Calculating the Memory Requirement per Device

Section author: Marco Garten

The planning of simulations for realistically sized problems requires a careful estimation of memory usage and is often a trade-off between resolution of the plasma, overall box size and the available resources. The file memory_calculator.py contains a class for this purpose.

The following example script demonstrates it’s use:

#!/usr/bin/env python

"""
This file is part of PIConGPU.

Copyright 2018-2024 PIConGPU contributors
Authors: Marco Garten, Pawel Ordyna,Brian Marre
License: GPLv3+
"""

from picongpu.extra.utils.memory_calculator import MemoryCalculator

import numpy as np

"""
@file

This file contains a usage example of the ``MemoryCalculator`` class
for our :ref:`FoilLCT example <usage-examples-foilLCT>` and its ``4.cfg``.

It calculates an estimate for how much memory is used per device if the whole
target would be fully ionized but does not move much.

The no-movement approximation may severely underestimate the memory requirements
of individual GPUs, especially in setups with significant laser compression
or implosion, due to macro-particle movement over the simulation run.
The real-world memory usage always depends on the case and the dynamics inside
the simulation and no-movement estimates should be taken with a grain of salt as
an order-of-magnitude estimation.
For a more accurate estimation use estimated compression multipliers.
"""


def check_distributions(simulation_dimension, grid_distribution, gpu_particle_cell_distribution):
    if len(grid_distribution) != simulation_dimension:
        raise ValueError("grid_distribution must have one array for each simulation dimension")
    if len(gpu_particle_cell_distribution) != simulation_dimension:
        raise ValueError("gpu_particle_cell_distribution must have array for each simulation dimension")

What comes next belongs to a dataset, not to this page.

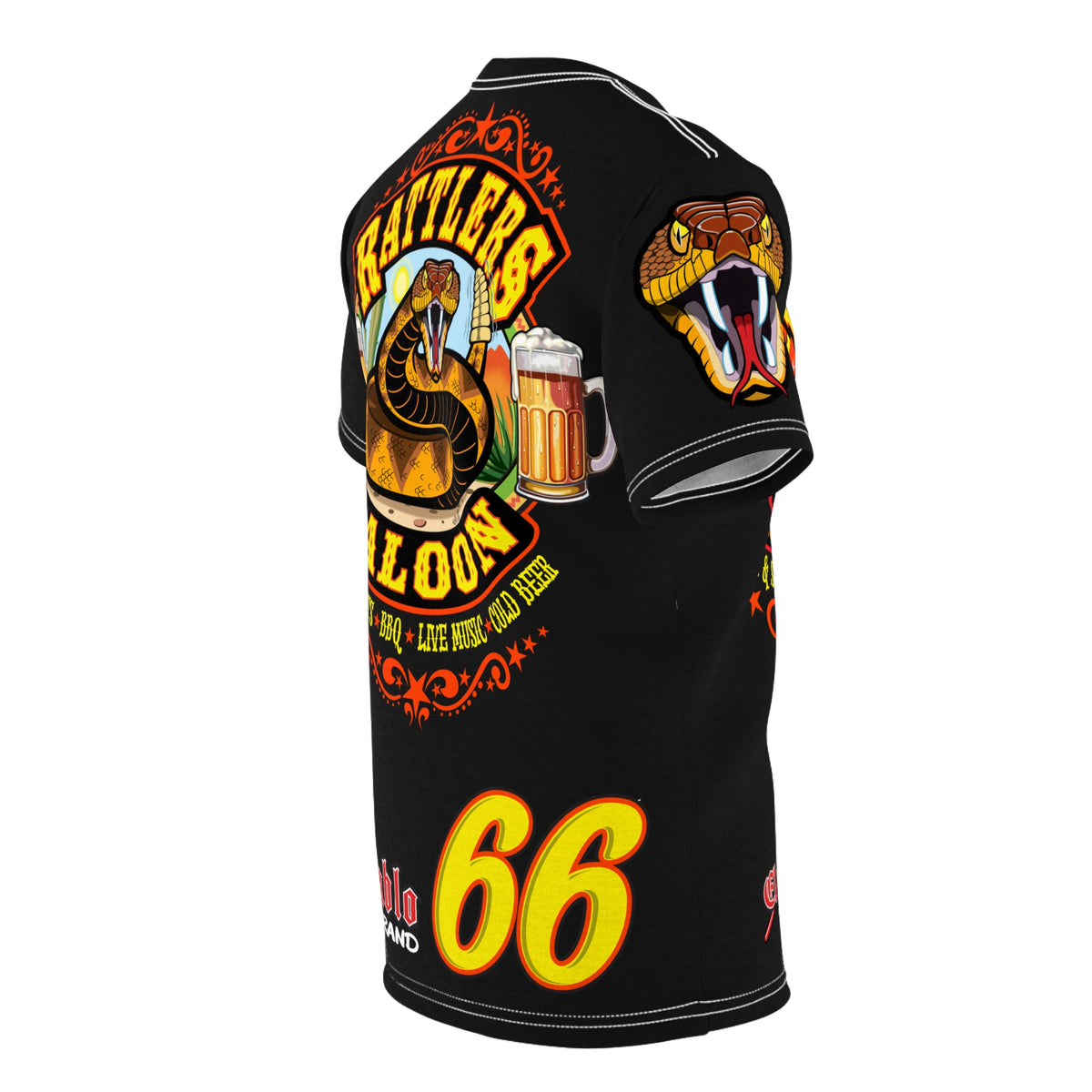 Rattlers Saloon SUPER RIDING TEE — Vintage Biker Route 66 Graphic t-Shirt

def check_extents(simulation_dimension, global_gpu_extent, gpu_cell_extent, gpu_particle_cell_extent):
    if np.shape(gpu_cell_extent) != (simulation_dimension, *global_gpu_extent):
        raise ValueError(
            "grid_distribution and global_gpu_extent are not consistent.\n"
            "\tCheck for each simulation dimension that grid_distribution has as many entries as gpu"
            "rows are specified in global_gpu_extent."
        )

    if np.shape(gpu_particle_cell_extent) != (simulation_dimension, *global_gpu_extent):
        raise ValueError(
            "gpu_particle_cell_distribution and global_gpu_extent are not consistent.\n"
            "\tCheck for each simulation dimension that gpu_particle_cell_distribution"
            "has as many entries as gpu rows are specified in global_gpu_extent."
        )


cell_size = 0.8e-6 / 384.0  # 2.083e-9 m
y0 = 0.5e-6  # position of foil front surface (m)
y1 = 1.5e-6  # position of foil rear surface (m)
L = 10e-9  # pre-plasma scale length (m)
L_cutoff = 4 * L  # pre-plasma length (m)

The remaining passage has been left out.